I’m not intending to put the onus on Jeff’s guy in Congo, or any other end user, to select appropriate technology for their circumstances. I don’t think they have the technical skills or buying power to do so. The choice was already made for them by the organisation that supplied a PC running Windows without antivirus updates. I believe that this was a bad choice, driven by the factors that I gave in my previous article, and that different choices could be made in future to avoid such problems.

3) Webmail will stay the same until the cows come home. Sure, someone can write tricky code but will the guy in Congo ever see it? Probably not.

Actually, I have seen comments asking why Google doesn’t use their own Gears library for their own webmail service, particularly in the context of recent Gmail service outages. If they did decide to do so, the benefits should translate immediately to users with low-bandwidth or intermittent connections, in the Congo as elsewhere.

4) Mac OSX does not exist in the rest of the world and barely in the Balkans, some of which are even slated for EU membership.

I don’t see that as a strong argument against deploying alternatives such as MacOS X in new systems. We have a problem: poor maintainability of traditional IT systems in the field. We have to find solutions to those problems, which may involve deploying different technology. The same argument applies to Ubuntu.

5) So you do support Ubuntu adoption as an alternative? I think you are getting my point. You could just install Ubuntu and forget about the AVG argument.

But the end user will not deploy Ubuntu. The providers of the equipment will have to do it for them. That’s my point, that the organisations have to change, not the end users.

Vertical programs that distribute hardware almost never follow-up so anything they put in the field is usually toast within a few months.

That’s precisely my point in the last article, even if I rambled a bit in the process of getting there. But I think it would be great to have hard numbers that we could present as evidence to the organisations to get them to recognise the problems in what they’re doing, and to change their ways.

For example, let us just say that something causes the OS to hiccup so the well meaning local IT guy steps in and recommends reinstalling the OS. Of course the owner doesn’t have one so the IT guy offers one of his own. Bootleg install. Story over.

That is certainly true for general-purpose computers, but even a minimal amount of BIOS lock-down can prevent the reinstallation of the software, or make it significantly harder. There’s also the question of why the man in the Congo is turning to his “local IT guy” for technical support? Why isn’t the organisation that provided the computer providing support for it as well?

9) Forget about NGO’s as they are not the problem. Remember, this guy worked for the Congolese Gov’t so he gets whatever trickles down (a few odd machines from international agencies)

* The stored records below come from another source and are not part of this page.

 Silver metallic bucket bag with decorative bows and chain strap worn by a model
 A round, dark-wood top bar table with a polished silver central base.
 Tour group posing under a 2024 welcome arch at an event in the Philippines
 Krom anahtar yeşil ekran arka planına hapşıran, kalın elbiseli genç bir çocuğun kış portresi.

These “international agencies” are precisely who I meant by NGOs. Perhaps I should have included IOs as well, but all this jargon is going to get very confusing to anyone who’s not an expert in the field. Is there any reason not to lump NGOs, IOs and government programmes into the same basket as “organisations” all?

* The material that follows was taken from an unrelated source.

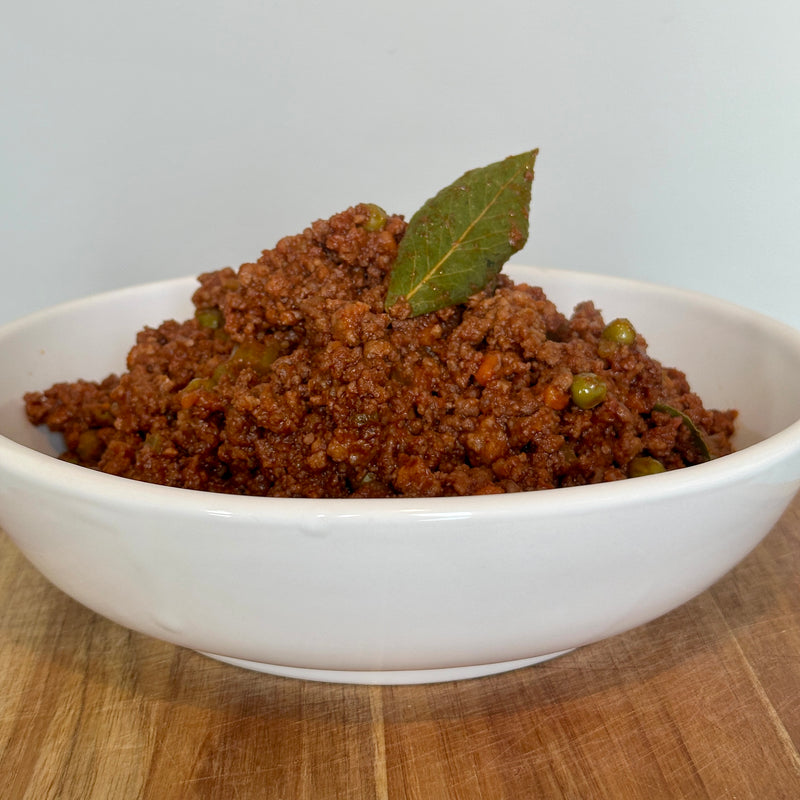 A white bowl filled with spiced ground meat garnished with a bay leaf, placed on a wooden surface against a plain light background.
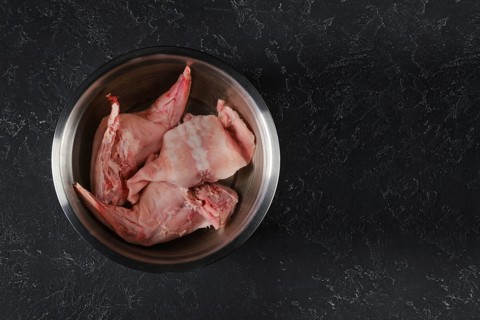 Fresh rabbit hind legs and a saddle are soaked in water with vinegar in a metal bowl. The process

His support team? The local DVD vendor and the well meaning IT tech. Therefore, educate the local health official, the DVD vendor and the local IT tech…

And why are they his only (or primary) means of support? MSF sent Jeff out to deal with a problem that wasn’t even to do with any equipment that they provided (as far as we know), but it was stopping the man in the Congo from interacting with MSF.

Had MSF not sent Jeff to the Congo, you, me and Jeff would be none the wiser.

Indeed, but had the original organisation not sent out the wrong equipment (a Windows computer with no support and no antivirus updates), MSF would not have had to waste a lot of valuable time and money and resources on sending Jeff out in the first place. Also, had MSF provided their own, more suitable equipment, for the man in the Congo to use, Jeff would not have had to make an on-site visit either.

I’d like to respond to Jeff’s comments as well, but this article is already getting rather long and ranty, so I’ll leave that for another day.